● **The data**:
______________________________

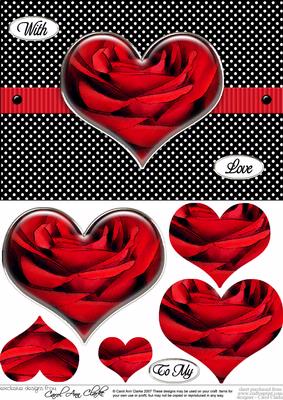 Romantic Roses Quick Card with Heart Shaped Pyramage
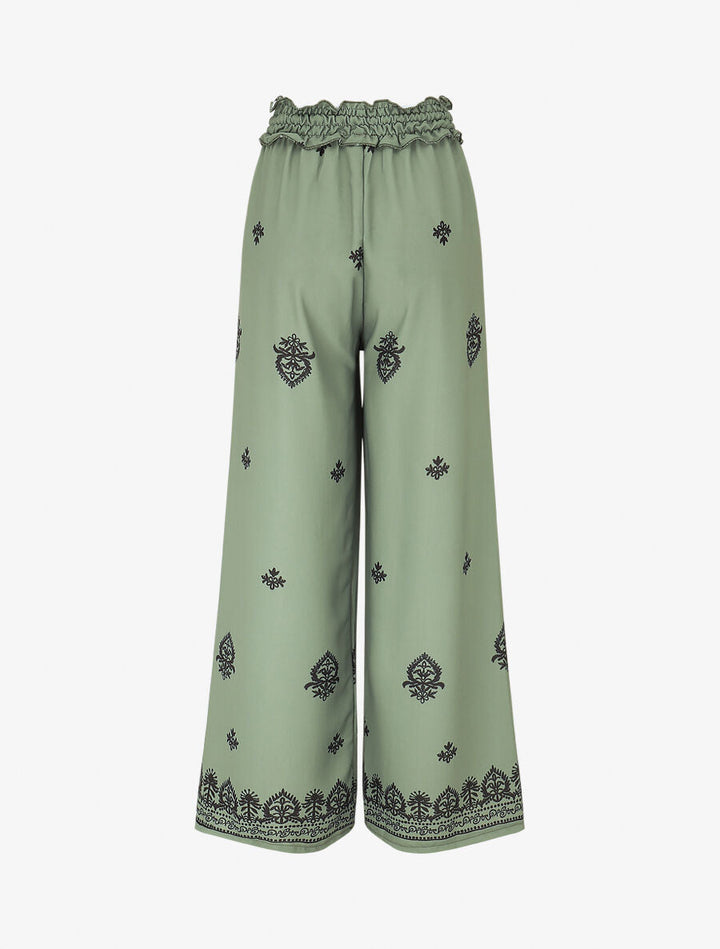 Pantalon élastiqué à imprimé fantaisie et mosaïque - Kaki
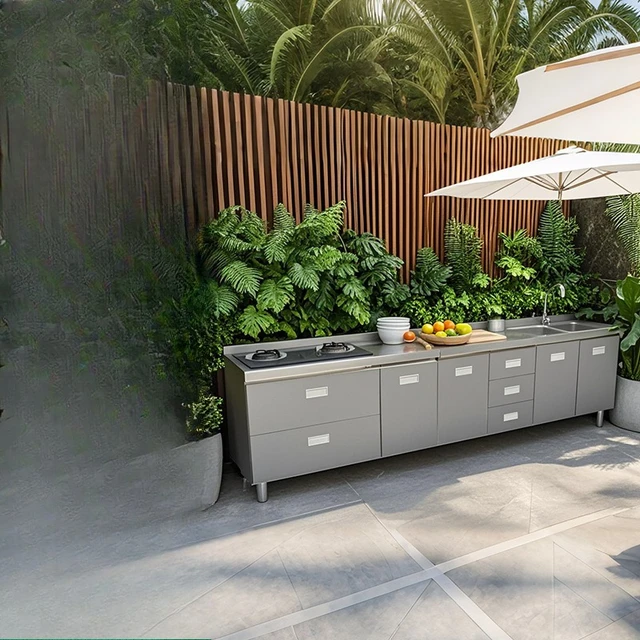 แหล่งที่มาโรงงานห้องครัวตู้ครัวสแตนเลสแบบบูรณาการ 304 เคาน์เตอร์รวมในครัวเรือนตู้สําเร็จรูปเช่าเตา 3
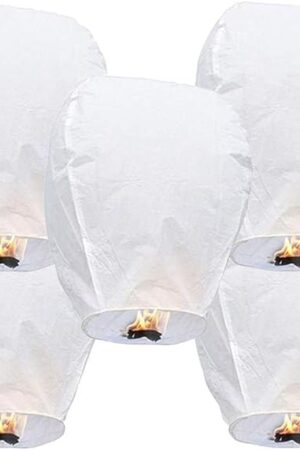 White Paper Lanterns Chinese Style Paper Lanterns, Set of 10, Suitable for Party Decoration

______________________________

● **Required action**: With the pictures omitted, give every line above again exactly.

● **Output of the exercise**:
 Romantic Roses Quick Card with Heart Shaped Pyramage
 Pantalon élastiqué à imprimé fantaisie et mosaïque - Kaki
 แหล่งที่มาโรงงานห้องครัวตู้ครัวสแตนเลสแบบบูรณาการ 304 เคาน์เตอร์รวมในครัวเรือนตู้สําเร็จรูปเช่าเตา 3
 White Paper Lanterns Chinese Style Paper Lanterns, Set of 10, Suitable for Party Decoration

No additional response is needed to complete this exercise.